WORK TASK:
Repeat the entries exactly, and do not carry the pictures over.

EXTRACTED ENTRIES:
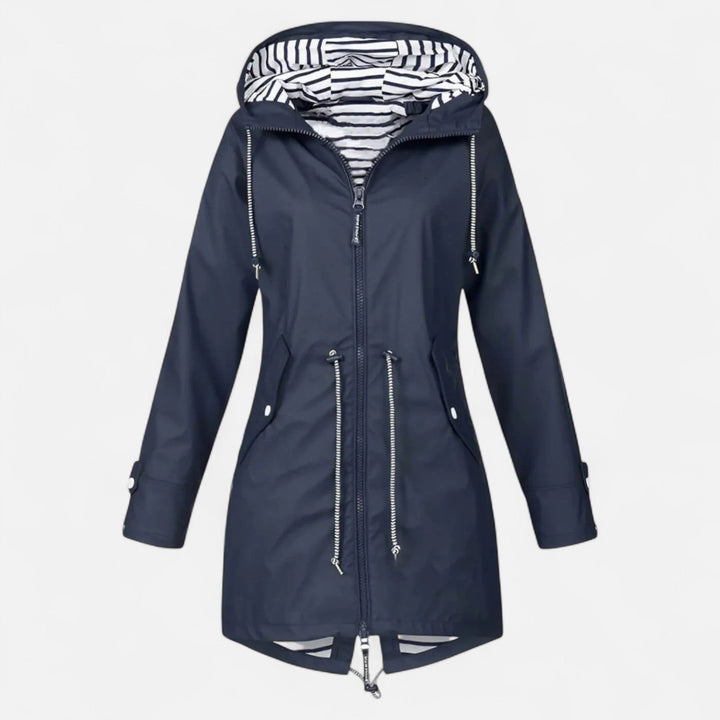 Chaqueta de mujer para exterior, impermeable y ligera, con capucha, para lluvia o viento.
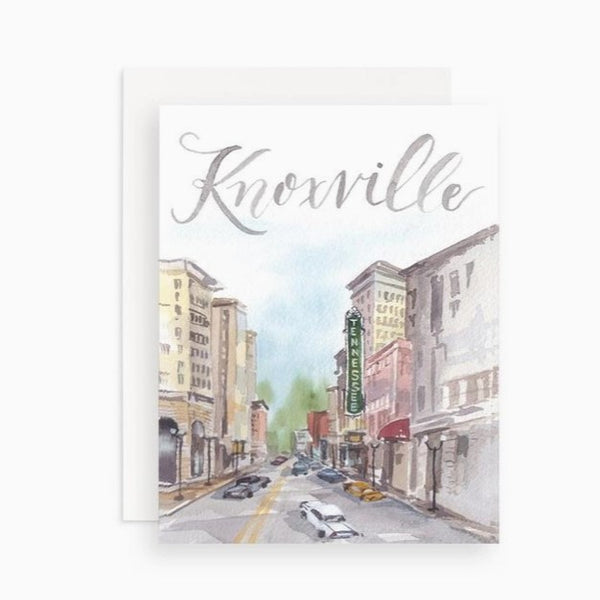 Knoxville TN Theatre Sign Card - Cami Monet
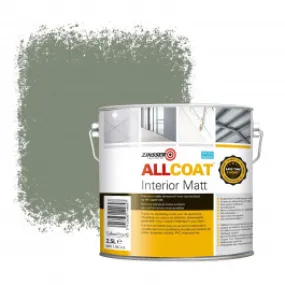 Zinsser Allcoat Interior Muurverf RAL 7033 Cementgrijs - 2,5 liter
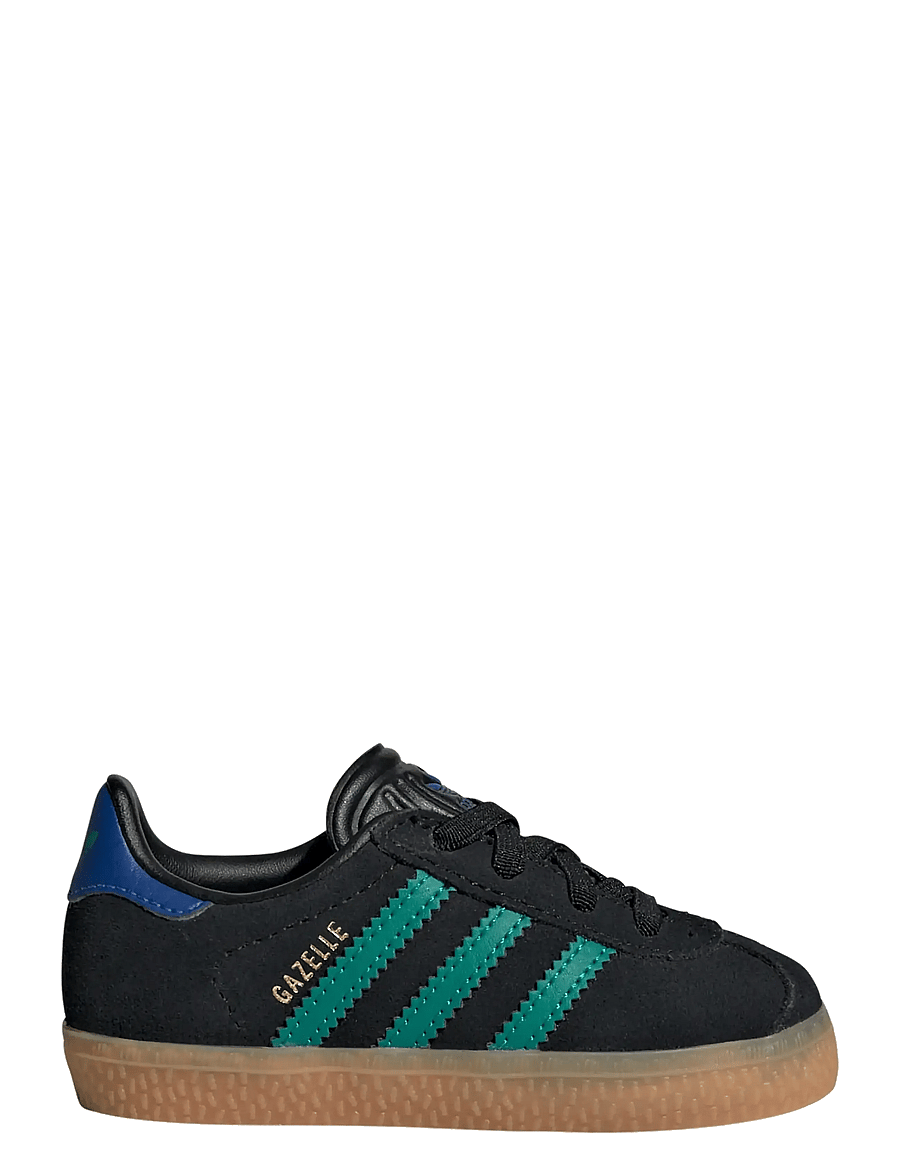 adidas Originals - GAZELLE CF EL I - baskets basses - cblack/eqtgrn/royblu - 1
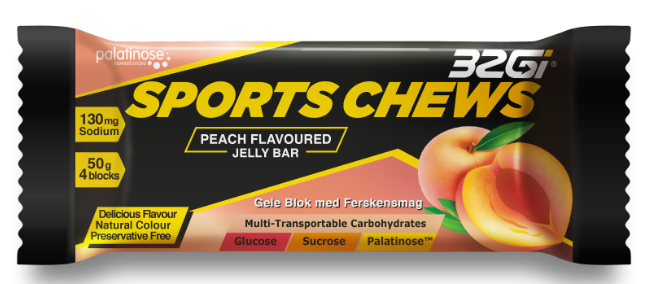 32GI Race 50g Chews Peach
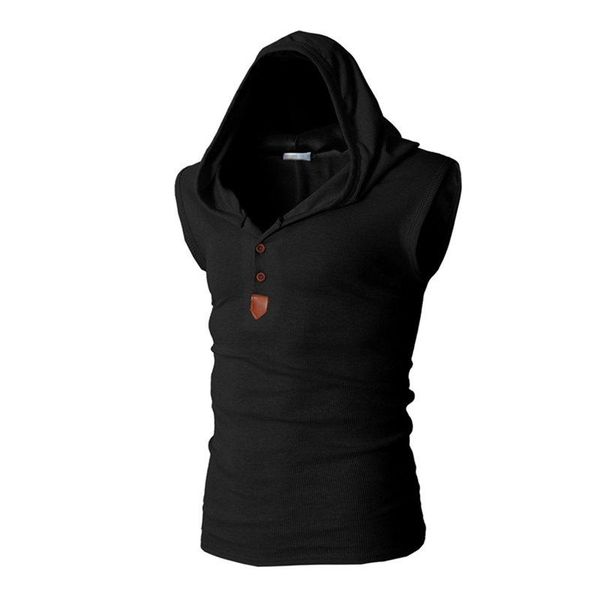 men' tank men stretchy sleeveless shirt casual fashion hooded 2021 brand outdwear bodybuilding fit clothing, White;black
men' tank men stretchy sleeveless shirt casual fashion hooded 2021 brand outdwear bodybuilding fit clothing, White;black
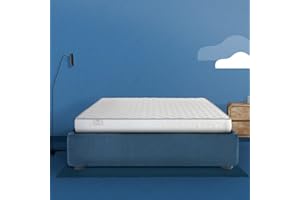 Farmarelax - Materasso Matrimoniale 160x190, Altezza 16 cm, Waterfoam, Made in Italy, Ortopedico, Indeformabile, Anallergico e Antiacaro, Traspirante, Modello: Ecoroyal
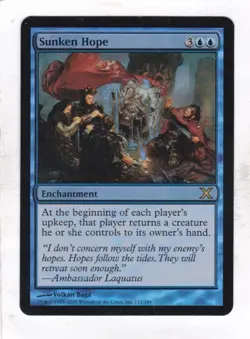 Magic: MTG: 10th Edition: Foil: Sunkien Hope - Image 1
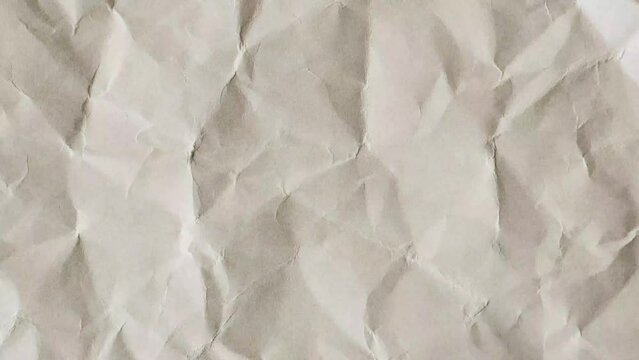 Paper Crumpled Motion Graphic Background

YOUR SOLUTION:
 Chaqueta de mujer para exterior, impermeable y ligera, con capucha, para lluvia o viento.
 Knoxville TN Theatre Sign Card - Cami Monet
 Zinsser Allcoat Interior Muurverf RAL 7033 Cementgrijs - 2,5 liter
 adidas Originals - GAZELLE CF EL I - baskets basses - cblack/eqtgrn/royblu - 1
 32GI Race 50g Chews Peach
 men' tank men stretchy sleeveless shirt casual fashion hooded 2021 brand outdwear bodybuilding fit clothing, White;black
men' tank men stretchy sleeveless shirt casual fashion hooded 2021 brand outdwear bodybuilding fit clothing, White;black
 Farmarelax - Materasso Matrimoniale 160x190, Altezza 16 cm, Waterfoam, Made in Italy, Ortopedico, Indeformabile, Anallergico e Antiacaro, Traspirante, Modello: Ecoroyal
 Magic: MTG: 10th Edition: Foil: Sunkien Hope - Image 1
 Paper Crumpled Motion Graphic Background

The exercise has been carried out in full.